**Supplied data:**

--- START ---

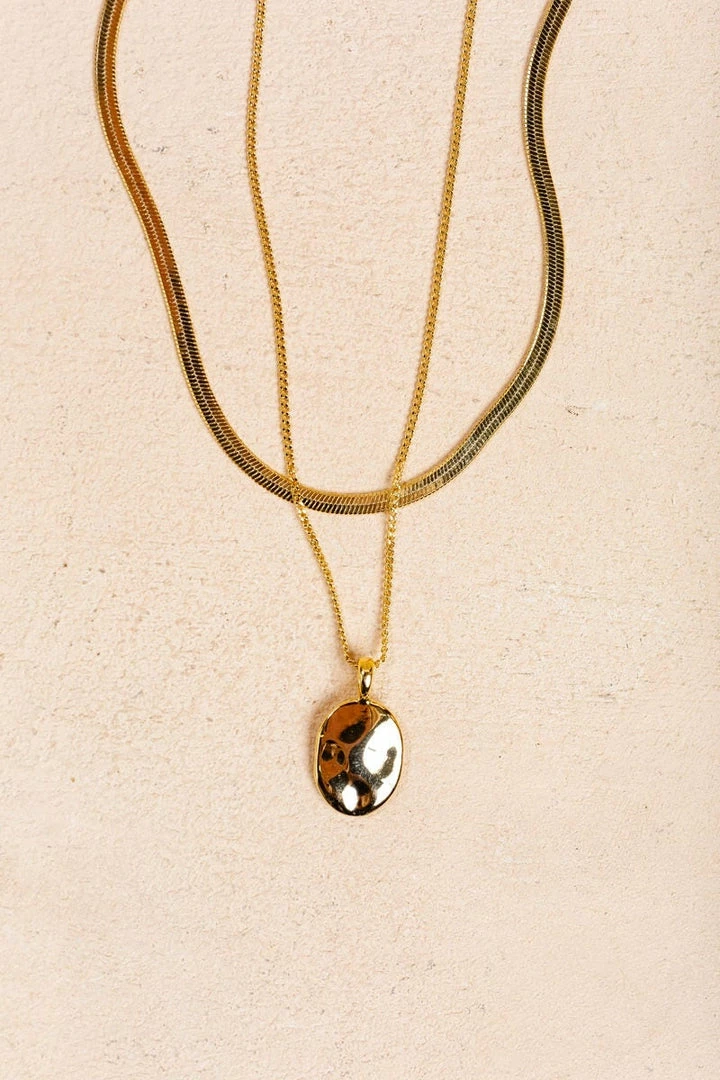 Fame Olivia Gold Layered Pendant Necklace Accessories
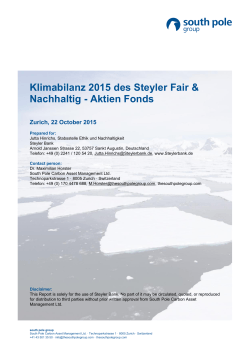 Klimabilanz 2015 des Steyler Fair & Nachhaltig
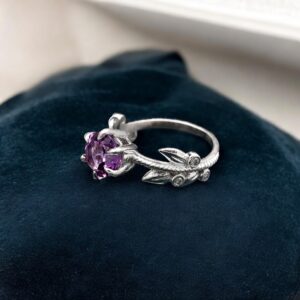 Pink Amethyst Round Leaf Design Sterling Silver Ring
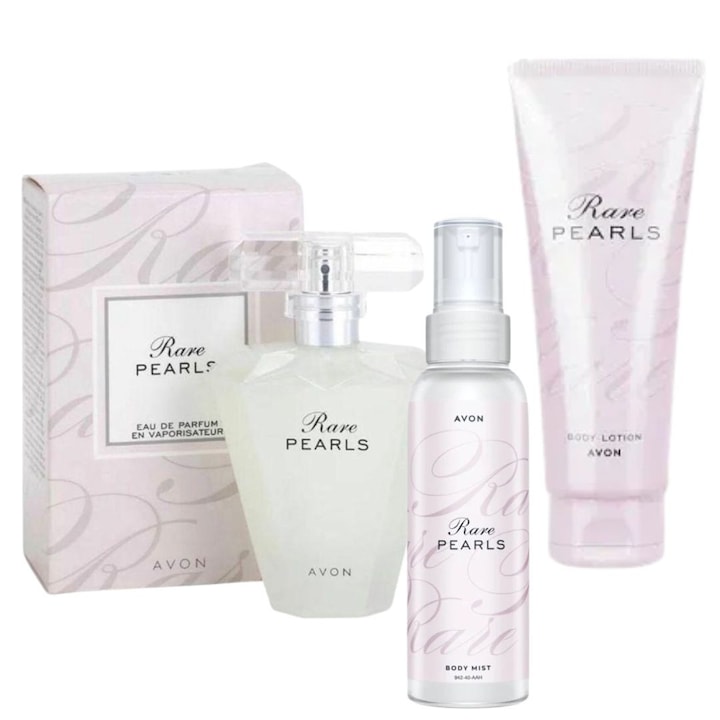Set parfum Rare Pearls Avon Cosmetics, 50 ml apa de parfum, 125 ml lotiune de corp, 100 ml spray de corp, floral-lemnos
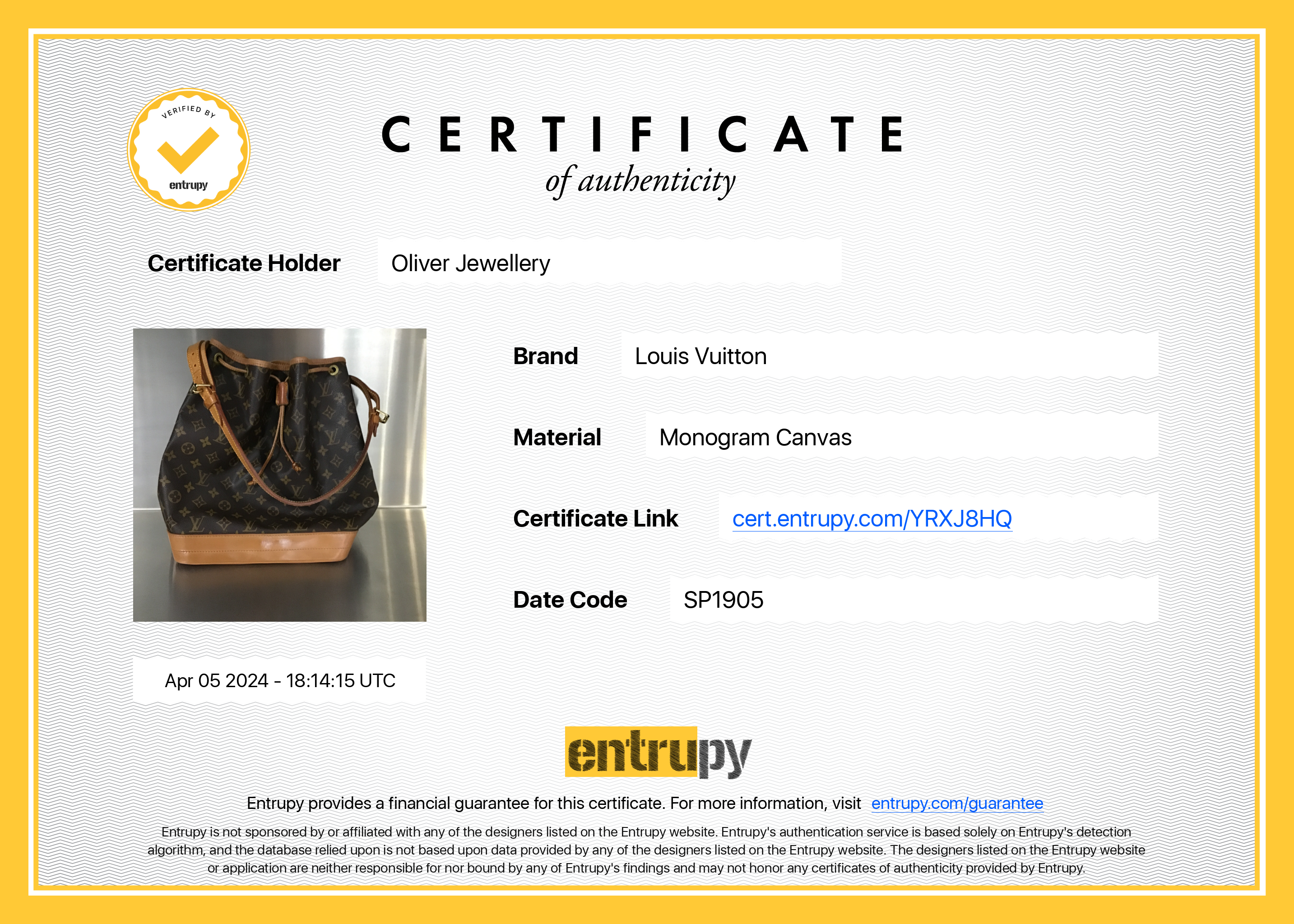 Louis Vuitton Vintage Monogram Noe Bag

--- END ---
--- START ---

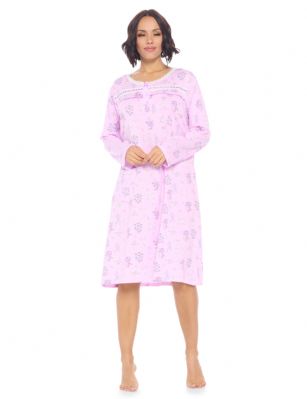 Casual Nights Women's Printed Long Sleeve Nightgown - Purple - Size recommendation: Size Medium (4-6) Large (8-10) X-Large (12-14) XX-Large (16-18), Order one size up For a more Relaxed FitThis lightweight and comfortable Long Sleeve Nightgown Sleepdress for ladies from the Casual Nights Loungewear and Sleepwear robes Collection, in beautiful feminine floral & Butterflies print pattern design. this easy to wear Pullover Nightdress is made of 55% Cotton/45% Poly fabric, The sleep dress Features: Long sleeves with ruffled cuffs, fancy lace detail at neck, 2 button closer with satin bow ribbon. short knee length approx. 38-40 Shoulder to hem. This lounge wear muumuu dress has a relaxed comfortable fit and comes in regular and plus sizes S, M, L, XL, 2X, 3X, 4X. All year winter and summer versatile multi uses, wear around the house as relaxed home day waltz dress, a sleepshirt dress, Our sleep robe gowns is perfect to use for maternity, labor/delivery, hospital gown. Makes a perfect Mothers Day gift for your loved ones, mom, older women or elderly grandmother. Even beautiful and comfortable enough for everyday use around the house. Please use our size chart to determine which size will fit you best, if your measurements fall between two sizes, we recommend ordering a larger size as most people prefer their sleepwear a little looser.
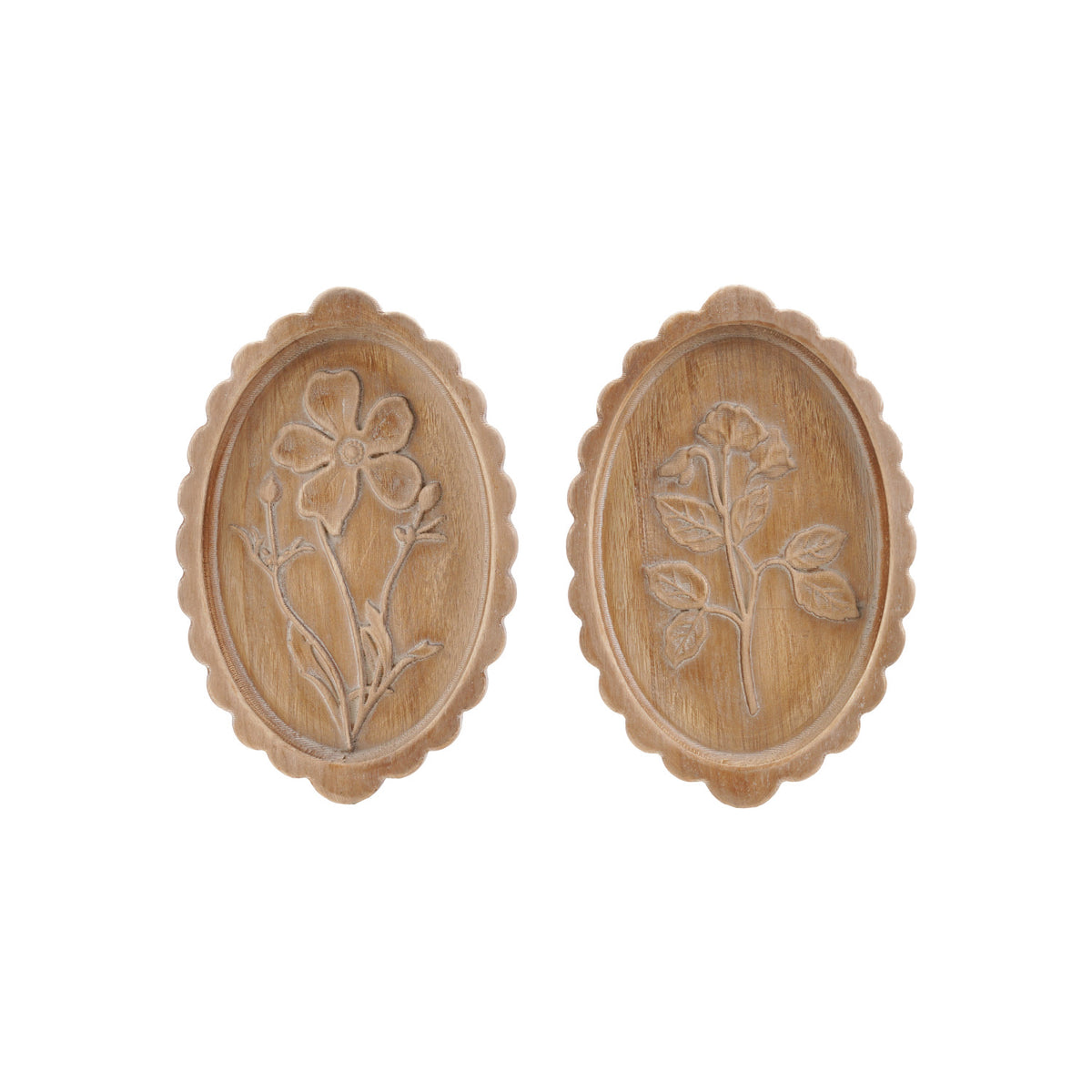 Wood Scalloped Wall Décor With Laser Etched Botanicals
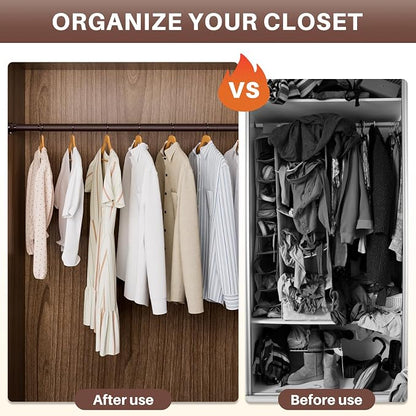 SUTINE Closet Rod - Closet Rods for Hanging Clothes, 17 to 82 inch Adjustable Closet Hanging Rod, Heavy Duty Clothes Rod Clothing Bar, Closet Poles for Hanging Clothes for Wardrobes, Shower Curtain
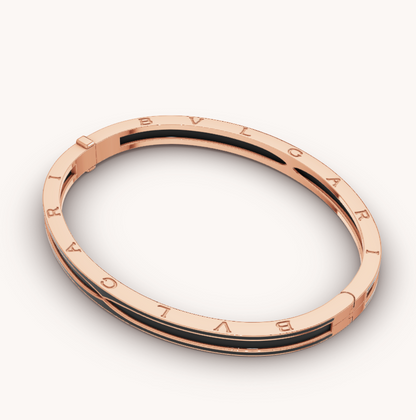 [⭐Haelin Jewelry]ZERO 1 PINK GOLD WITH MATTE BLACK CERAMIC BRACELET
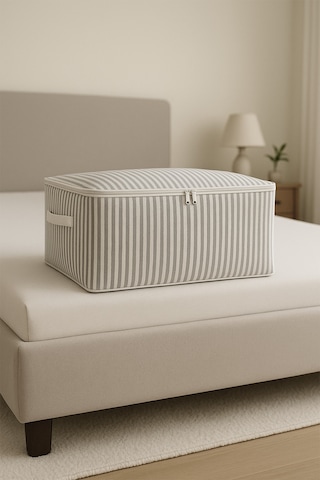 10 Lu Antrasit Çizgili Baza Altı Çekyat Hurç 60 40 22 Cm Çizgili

--- END ---

**Task:** Among the entries above, locate the line with "Fame Olivia Gold" and the line with "Louis Vuitton Vintage Monogram Noe Bag". Give those two lines and all lines between them again, exactly, leaving out the pictures.

**Output:**
 Fame Olivia Gold Layered Pendant Necklace Accessories
 Klimabilanz 2015 des Steyler Fair & Nachhaltig
 Pink Amethyst Round Leaf Design Sterling Silver Ring
Set parfum Rare Pearls Avon Cosmetics, 50 ml apa de parfum, 125 ml lotiune de corp, 100 ml spray de corp, floral-lemnos
 Louis Vuitton Vintage Monogram Noe Bag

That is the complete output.